RECORDS FOR THIS EXERCISE Block Start

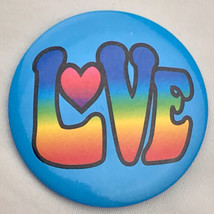 Love Rainbow Pin Button Pinback Pride SJW - $9.95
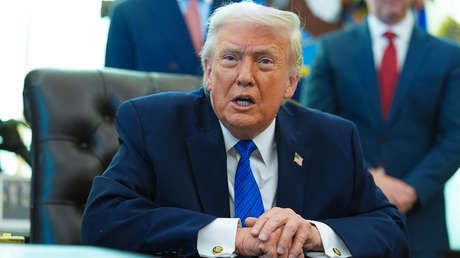 Trump: Estados Unidos está "muy feliz" por el trabajo del Gobierno interino de Venezuela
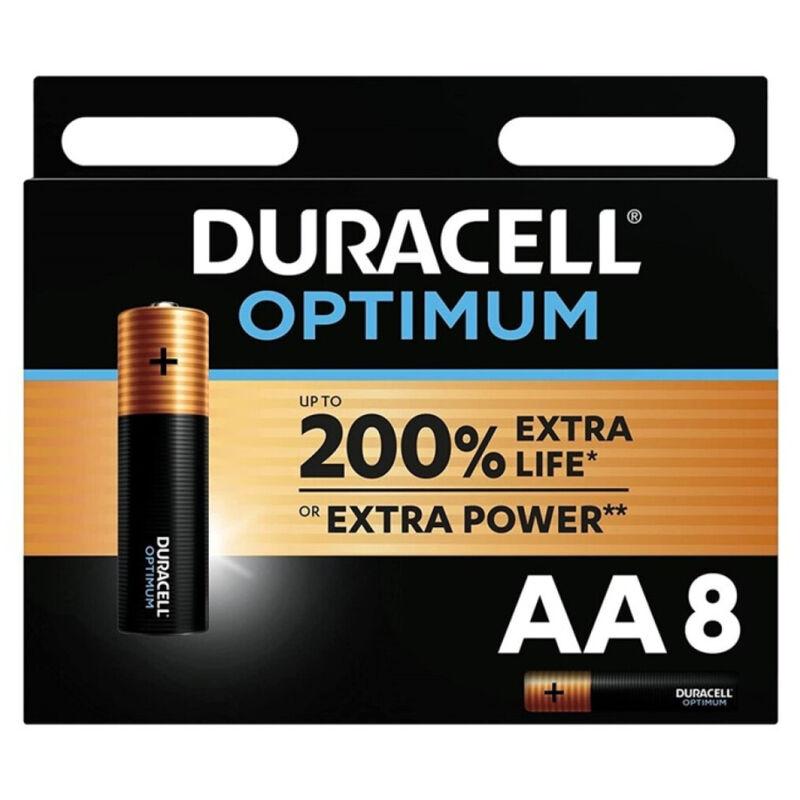 Duracell - optimum 200 pila alcalina aa lr6 blister*8 Duracell - optimum 200 pila alcalina aa lr6 blister*8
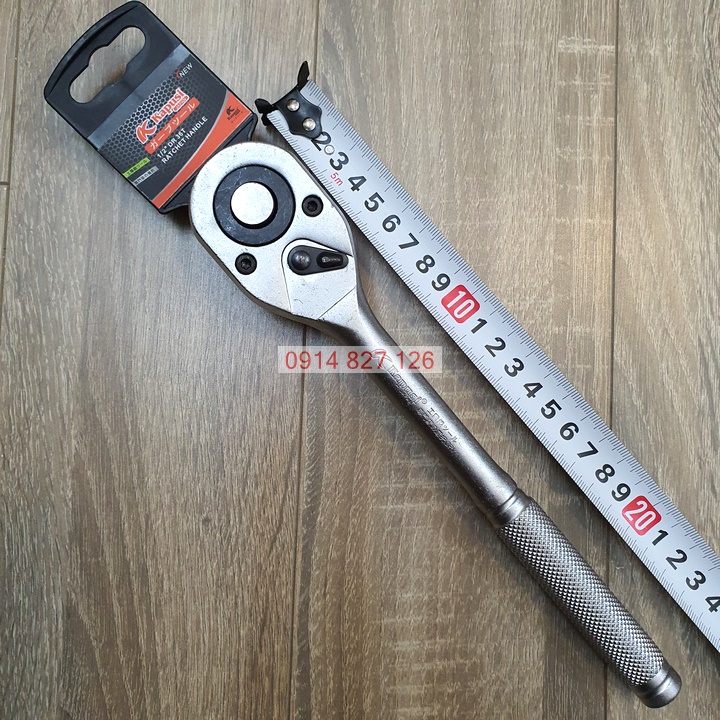 Cần siết tự động hai chiều 1/2 inch chiều dài 25cm hãng Kapusi Nhật Bản, Tay vặn tự động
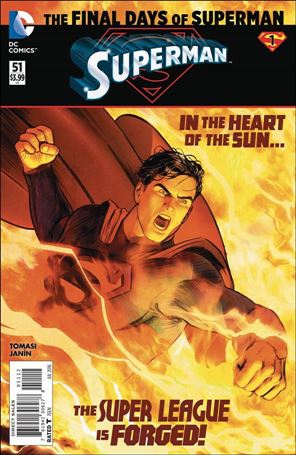 Superman (2011) issue 51-C Mikel Janin Cover (2nd Printing)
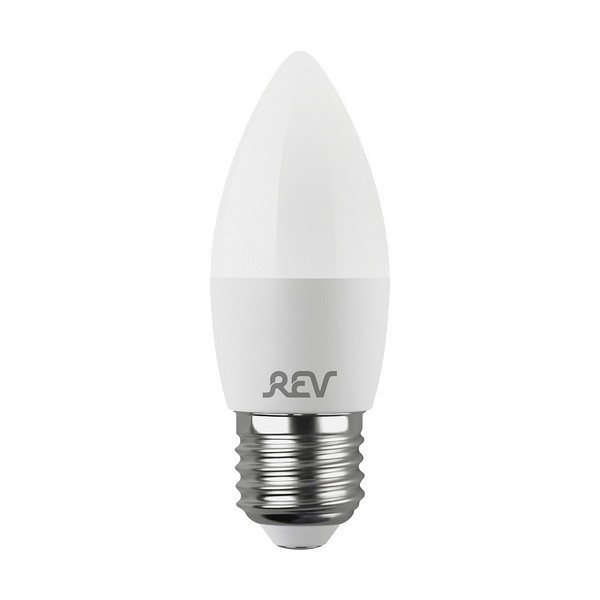 Лампа светодиодная REV 7 Вт E27 свеча С37 2700К теплый белый свет 180-240 В матовая
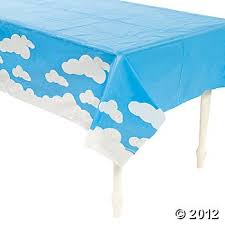 Up Away Table Cover Table Covers Backdrops For Parties Hot Air Balloon Paper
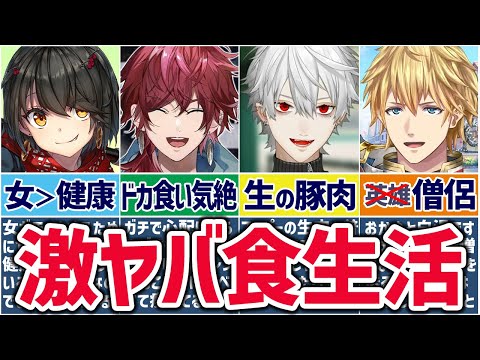 🌈にじさんじ🕒驚きの食生活をカミングアウトするライバーまとめ【ゆっくり解説】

RECORDS FOR THIS EXERCISE Block End

REQUIREMENT: Images stay out, but the rest of the data above must be repeated exactly.

FINISHED EXERCISE:
 Love Rainbow Pin Button Pinback Pride SJW - $9.95
 Trump: Estados Unidos está "muy feliz" por el trabajo del Gobierno interino de Venezuela
 Duracell - optimum 200 pila alcalina aa lr6 blister*8 Duracell - optimum 200 pila alcalina aa lr6 blister*8
 Cần siết tự động hai chiều 1/2 inch chiều dài 25cm hãng Kapusi Nhật Bản, Tay vặn tự động
 Superman (2011) issue 51-C Mikel Janin Cover (2nd Printing)
 Лампа светодиодная REV 7 Вт E27 свеча С37 2700К теплый белый свет 180-240 В матовая
 Up Away Table Cover Table Covers Backdrops For Parties Hot Air Balloon Paper
 🌈にじさんじ🕒驚きの食生活をカミングアウトするライバーまとめ【ゆっくり解説】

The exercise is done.